Re: [PATCH] PCI: Reprogram bridge prefetch registers on resume

From: Rafael J. Wysocki
Date: Tue Sep 11 2018 - 05:11:27 EST


On Tuesday, September 11, 2018 5:35:13 AM CEST Daniel Drake wrote:
> I have created https://bugzilla.kernel.org/show_bug.cgi?id=201069 to
> archive the research done so far.
>
> On Fri, Sep 7, 2018 at 11:05 PM, Peter Wu <peter@xxxxxxxxxxxxx> wrote:
> > Windows 10 unconditionally rewrites these registers (BAR, I/O Base +
> > Limit, Memory Base + Limit, etc. from top to bottom), see annotations:
> > https://www.spinics.net/lists/linux-pci/msg75856.html
> >
> > Linux has a generic "restore" operation that works backwards from the
> > end of the PCI config space to the beginning, see
> > pci_restore_config_space.
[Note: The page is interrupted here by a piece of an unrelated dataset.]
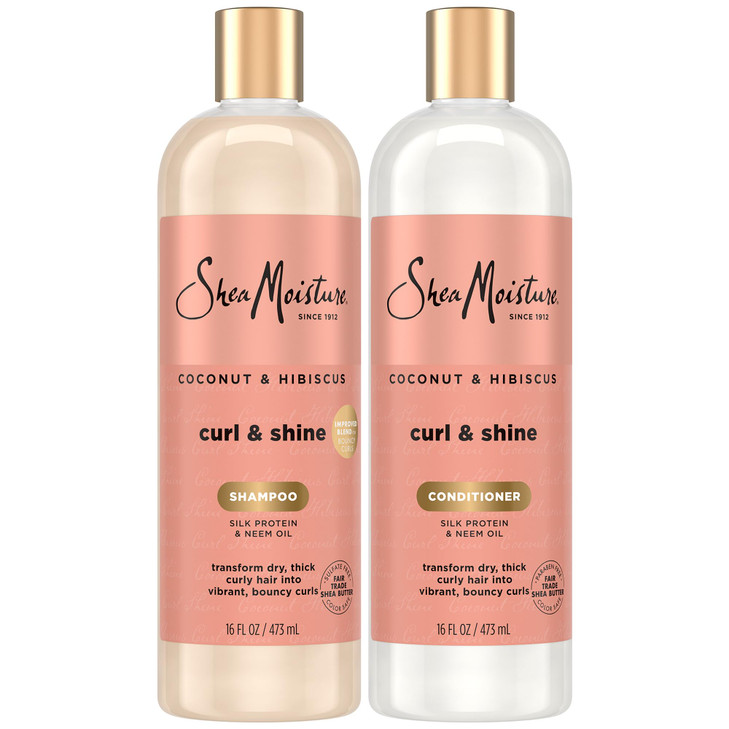 SheaMoisture Coconut & Hibiscus Curl & Shine Shampoo & Conditioner for Bouncy Curls, Frizz Control, 16 Oz Ea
Do you have a dmesg where you see the
> > "restoring config space at offset" messages?
>
> Interesting, I had not spotted this code. The logs for the affected
> bridge on Asus X542UQ:
>
> 0000:00:1c.0: restoring config space at offset 0x3c (was 0x100,
> writing 0x1001ff)
> 0000:00:1c.0: restoring config space at offset 0x24 (was 0x10001,
> writing 0xe1f1d001)
> 0000:00:1c.0: restoring config space at offset 0x20 (was 0x0, writing
> 0xef00ee00)
> 0000:00:1c.0: restoring config space at offset 0xc (was 0x810000,
> writing 0x810010)
> 0000:00:1c.0: restoring config space at offset 0x4 (was 0x100007,
> writing 0x100407)
>
> So it didn't restore 0x28 (the magic register) and also register 0x2c
> (prefetch limit upper 32 bits) because their values were already 0 on
> resume.
>
> https://bugzilla.kernel.org/show_bug.cgi?id=116851#c23 has an
> assertion that Intel recognises this issue and calls for all those
> registers to be restored on resume.
>
> I propose for Linux 4.19 we apply a minimally intrusive change that
> "forcibly" restores dword registers 0x24, 0x28 and 0x2c for PCI
> bridges (regardless of their current value), while retaining the
> existing restore order (high to low) over all registers and doing the
> read-then-maybe-write thing for all of the other regs (per current
> behaviour).

I agree here. It would be good to cover this gap and possibly backport
the fix to "stable".

> Then we also consider swiftly applying a followup patch implementing a
> more thorough approach and we give it some time in linux-next before
> releasing in Linux 4.20 which does something more thorough. I think
> perhaps more discussion is needed there, or at least some more input
> from Bjorn. Seems like we have 3 approaches to consider:
>
> 1. Peter Wu suggests following what windows does. Windows appears to
> start with low registers and works its way upwards, which means it
> writes BAR addresses, I/O base, etc, before writing prefetch
> registers. It skips over read-only and write-to-clear registers and
> also only writes some of the registers at the very end - like the
> command register.
>
> To be thorough here we would probably also have to study and copy what
> Windows does for non-bridge devices (not sure how many device classes
> we would want to study here?). Also it is a bit risky in that Bjorn
> has pointed out that Linux's earlier approach with a high level of
> similarity here (restore registers in ascending order, regardless of
> their current value) caused a laptop to hang on resume.
>
>
> 2. Bjorn suggested tweaking the existing code to always write the
> saved value even when the hardware has that same value. The
> read-maybe-write logic was introduced to avoid a laptop hang, but at
> that time we were restoring registers in ascending order, now we are
> descending it might be worth giving this another try.

I agree with Bjorn here.

> 3. Do nothing else beyond the minimal change that I propose for v4.19?
> Looking a bit more into git history this seems to be a sensitive and
> problematic area, more changes might mean more trouble. For example
> right now pci_restore_config_space() does:
> pci_restore_config_space_range(pdev, 10, 15, 0, 0);
> /* Restore BARs before the command register. */
> pci_restore_config_space_range(pdev, 4, 9, 10, 0);
> pci_restore_config_space_range(pdev, 0, 3, 0, 0);
> but pci_restore_config_space_range() already goes in descending order,
> so the above is already equivalent to the code in the "else" path that
> follows:
> pci_restore_config_space_range(pdev, 0, 15, 0, 0);
>
> and if you look at the history behind this "mixup" there's stuff that
> goes back to 2012 like commit a6cb9ee7cabe ("PCI: Retry BARs
> restoration for Type 0 headers only") which was fixing up another
> problematic commit in this area, etc.

So let's first fix what's known broken and see how this goes IMO.

On top of that and later, try to make the changes suggested by Bjorn and see
how far we can get with that.

Having done that, revisit and see if there still are any problems to address
in this area.

Thanks,
Rafael